:: Material provided
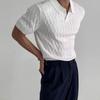 Polo de Manga Corta de Verano para Hombre Estilo Coreano Delgado Solapa Color Sólido Casual Delgado de Punto de Manga Media Trendy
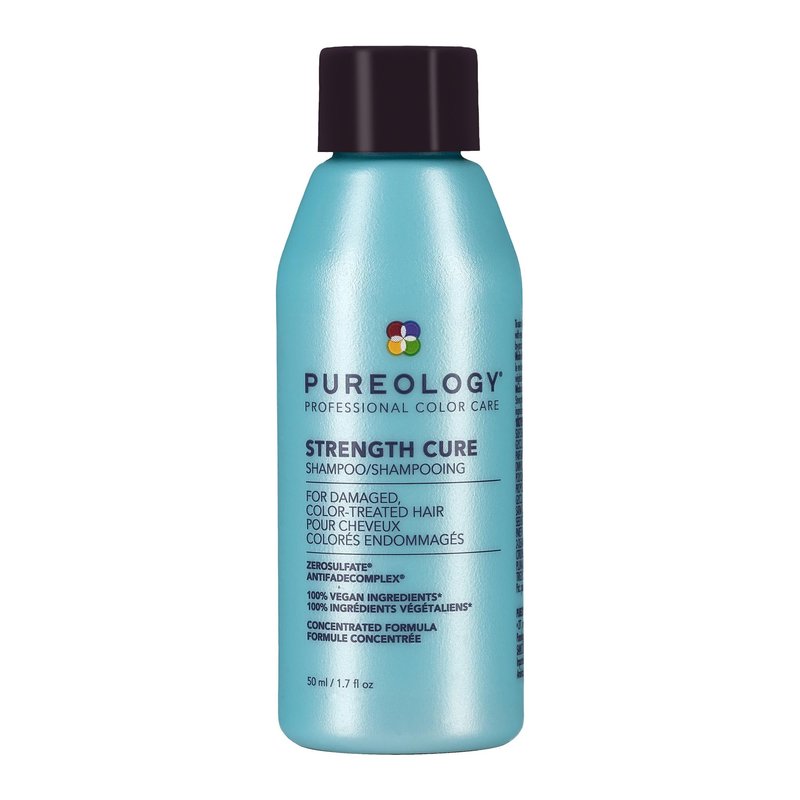 Pureology Strength Cure Shampoo - For Damaged or Color Treated Hair, Hair Repair, Reduces Damage & Seals Split Ends, Protects Color Vibrancy, Vegan & Sulfate Free, 1.7 Fl Oz
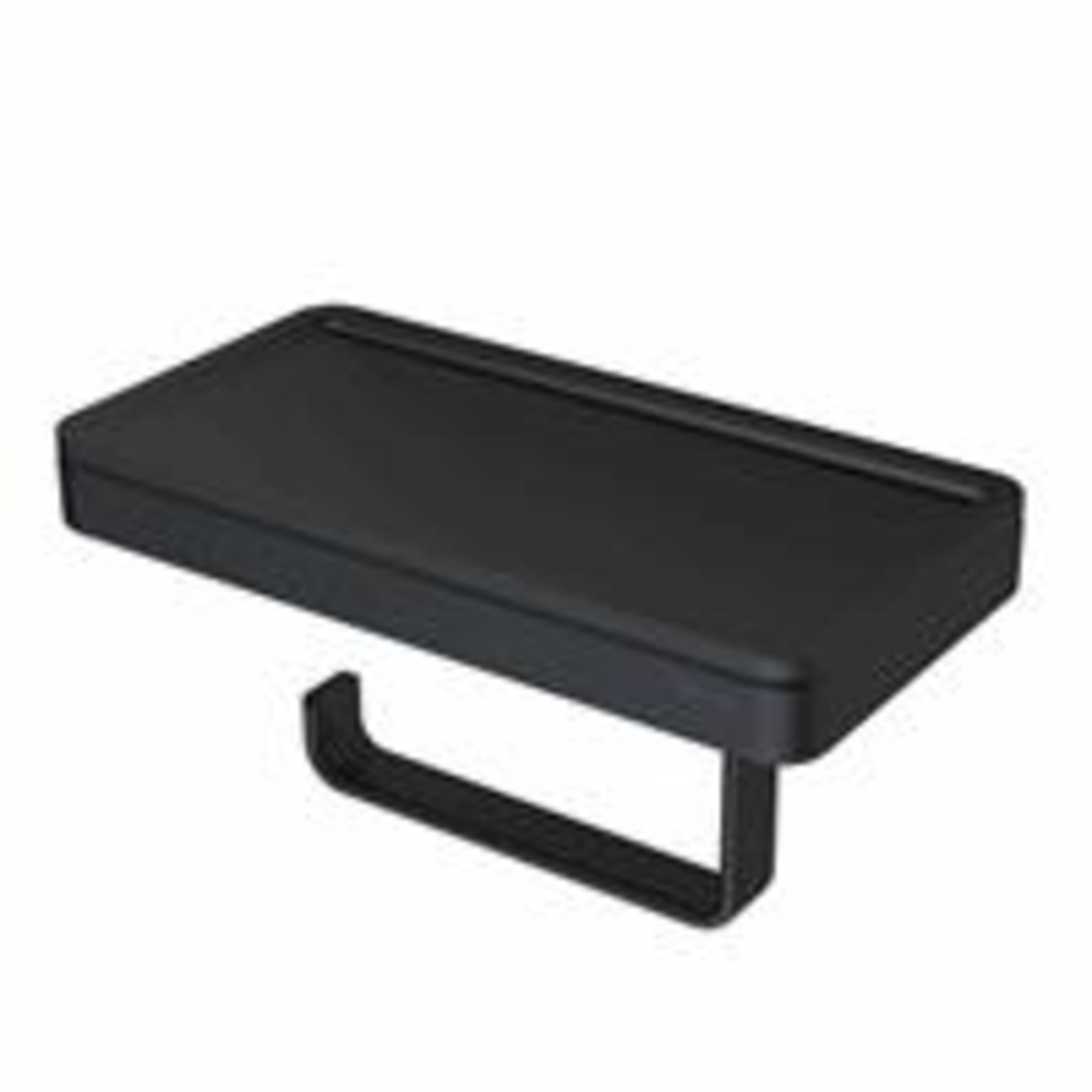 Geesa Frame toiletrolhouder met planchet zwart/zwart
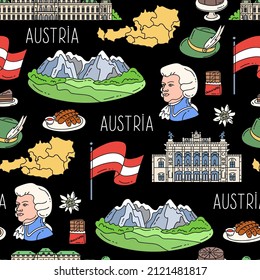 Vector seamless pattern with colorful hand drawn national symbols of Austria on black color. Background for use in design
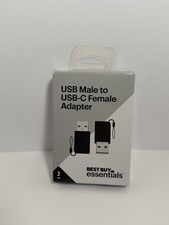 Best Buy essentials USB-A Male to USB-C Female Adapter Portable Black 2-Pack picture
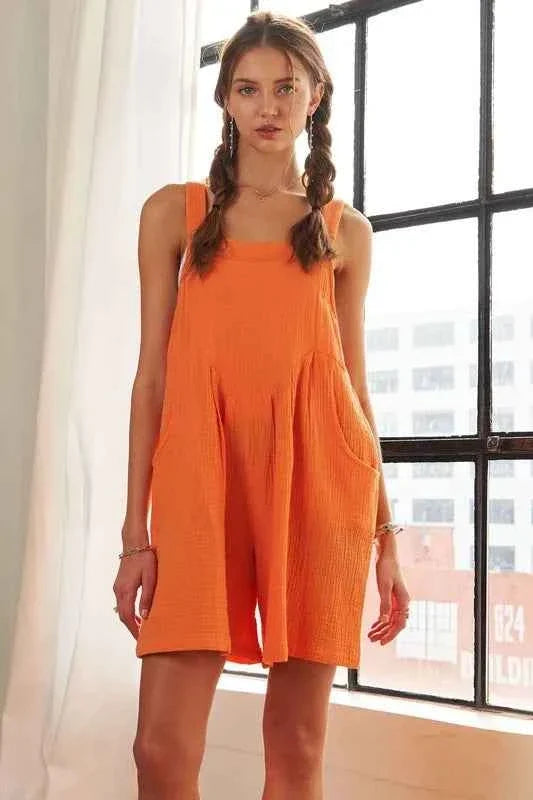 Wide Leg Cotton Overall Romper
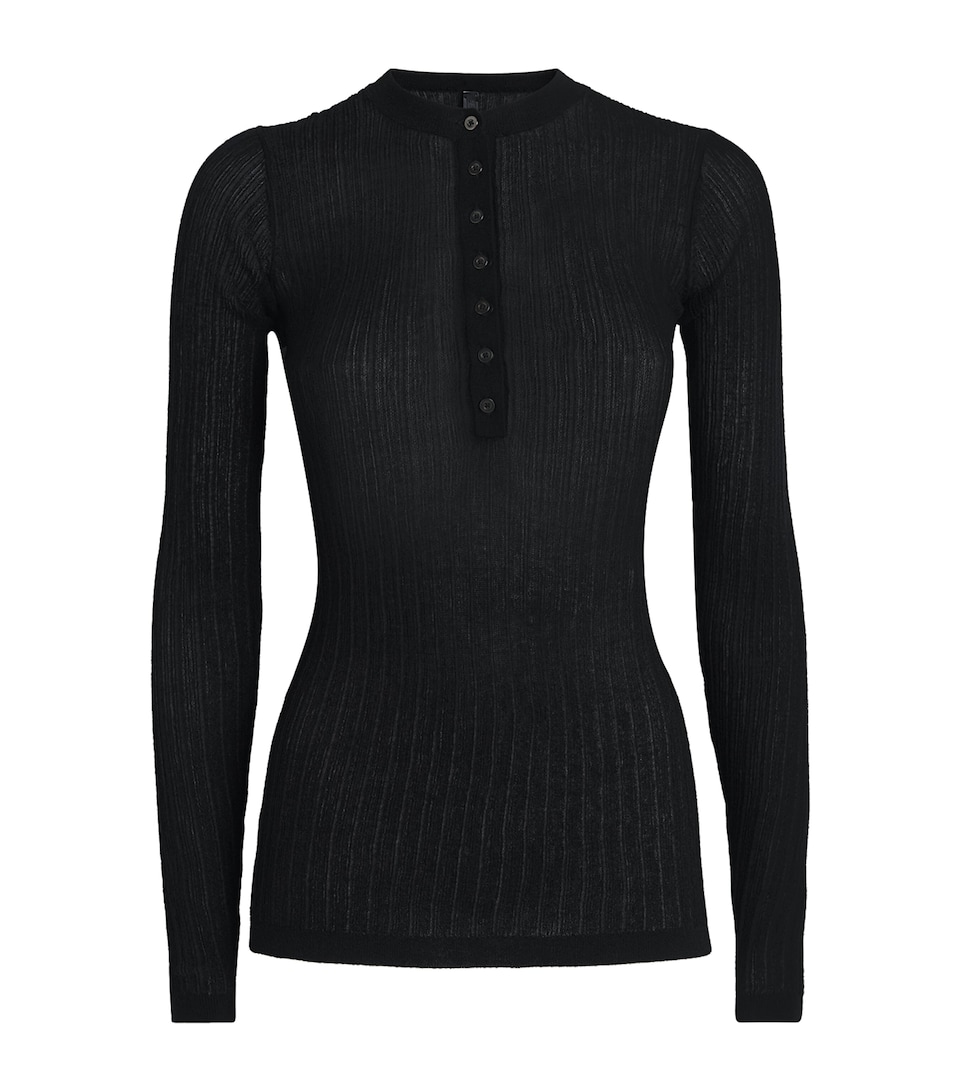 Sheer Knit Henley Top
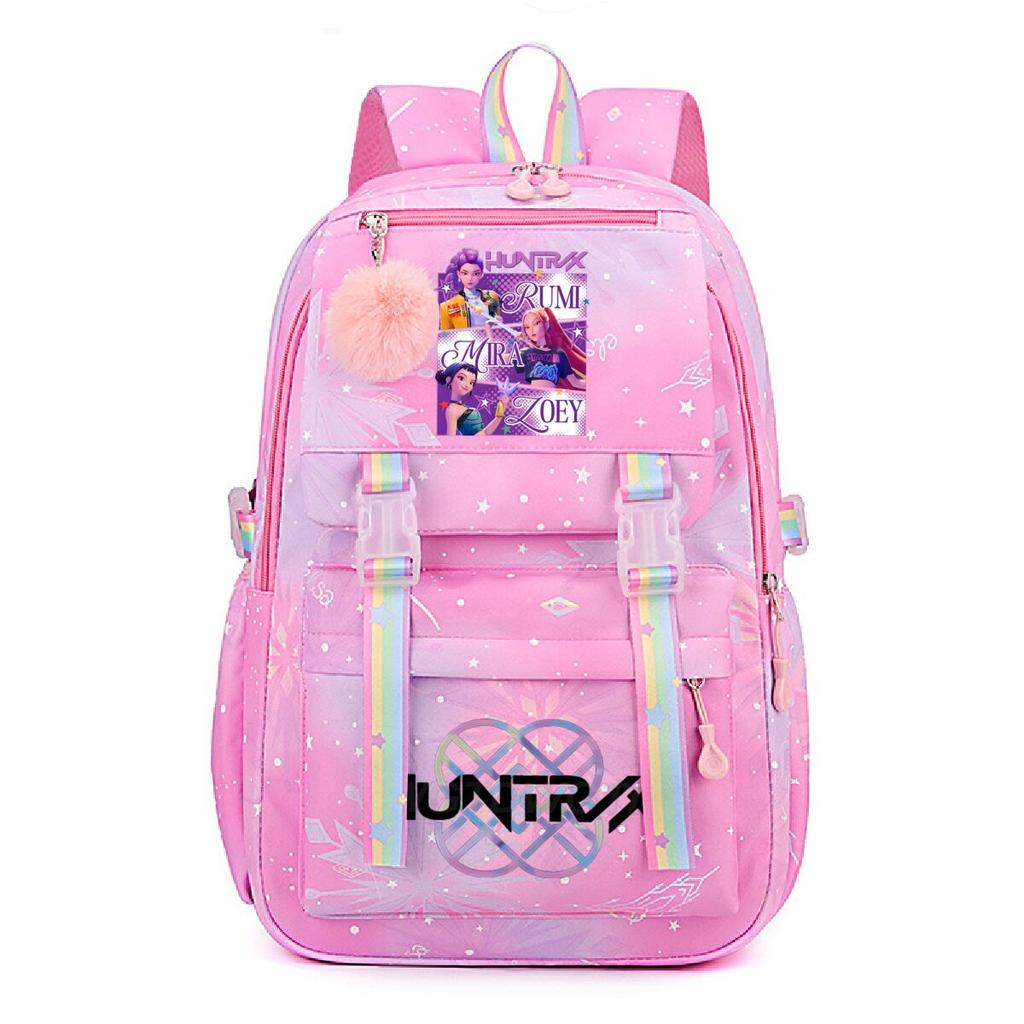 K-Pop Demon Hunters School Bag Kids Students Huntrix Girl Rainbow Dual-Shoulder Bag Boys Laptop Rucksack Outdoor Shouler Bag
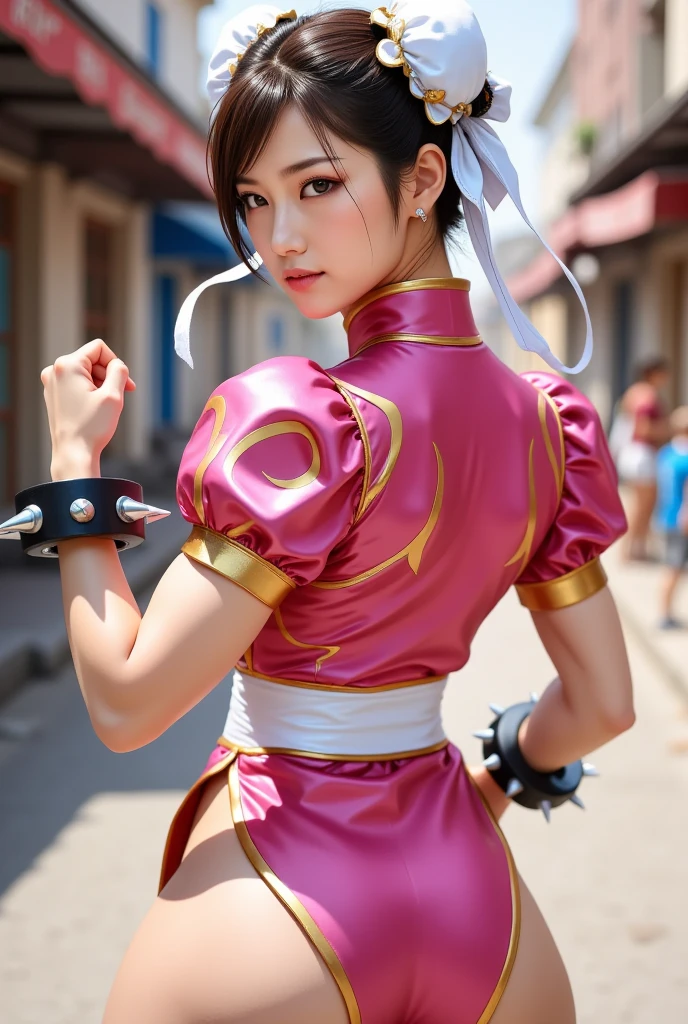 fantasy female idol、kung fu mini cheongsam(Shiny Pink)、Reluctant、full body Esbian、fighting poses、Mini skirt with slit、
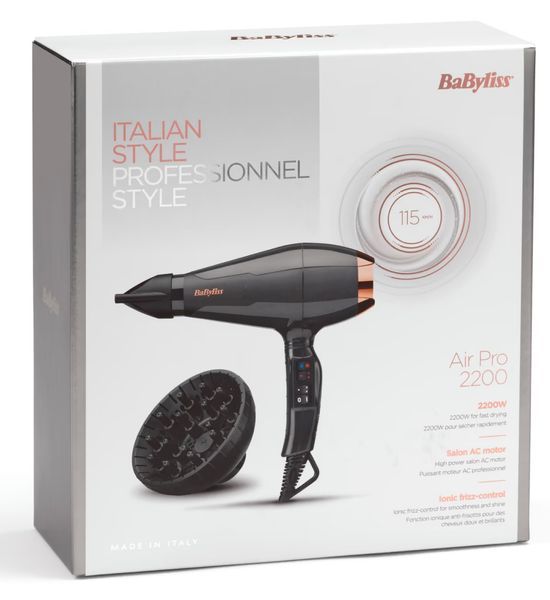 Фен Babyliss Air Pro, 2200Вт, 2 режими, дифузор, іоніз-я, хол. обдув, чорний (6719DE) 365929 фото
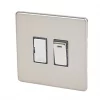 Varilight 13AX Switched Fused Spur with Neon Satin Chrome with Black Inserts -Switches & Sockets Sales Store 1863H P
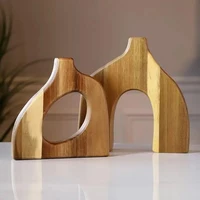 2pcs/set Nordic Wooden Vase Creative Geometric Shape Solid Wood Vase Home Table Decoration Hotel Homestay Vase Decoration 2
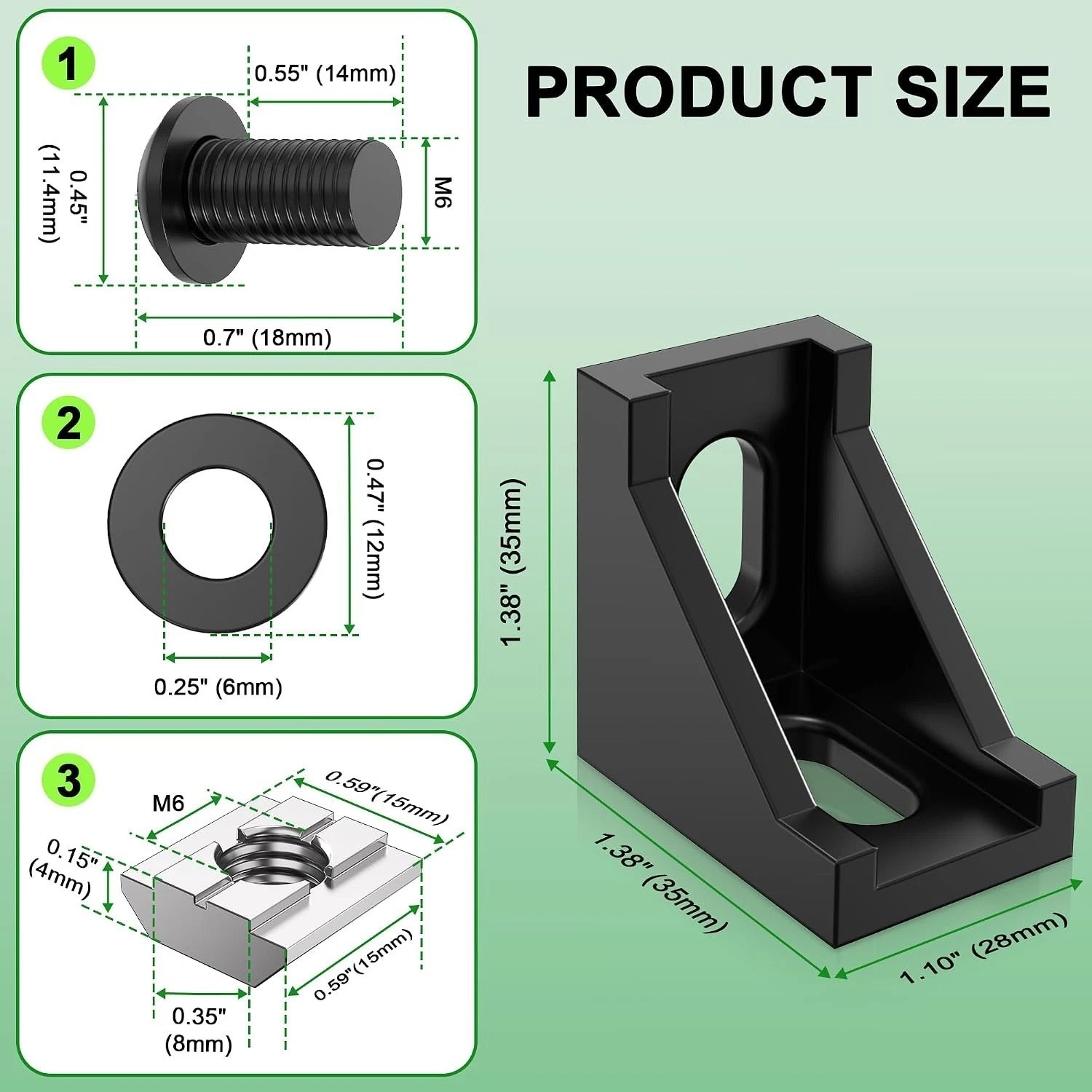 24 Set Aluminum Profile Connector Kit with Accessories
::::
# [Instructions to follow]
Say again, word for word, every line from the one with "Best Buy essentials" through the last line of the data above, minus the pictures.

# [Output for this exercise]
 Best Buy essentials USB-A Male to USB-C Female Adapter Portable Black 2-Pack picture
 Wide Leg Cotton Overall Romper
 Sheer Knit Henley Top
 K-Pop Demon Hunters School Bag Kids Students Huntrix Girl Rainbow Dual-Shoulder Bag Boys Laptop Rucksack Outdoor Shouler Bag
 fantasy female idol、kung fu mini cheongsam(Shiny Pink)、Reluctant、full body Esbian、fighting poses、Mini skirt with slit、
 Фен Babyliss Air Pro, 2200Вт, 2 режими, дифузор, іоніз-я, хол. обдув, чорний (6719DE) 365929 фото
 Varilight 13AX Switched Fused Spur with Neon Satin Chrome with Black Inserts -Switches & Sockets Sales Store 1863H P
 2pcs/set Nordic Wooden Vase Creative Geometric Shape Solid Wood Vase Home Table Decoration Hotel Homestay Vase Decoration 2
 24 Set Aluminum Profile Connector Kit with Accessories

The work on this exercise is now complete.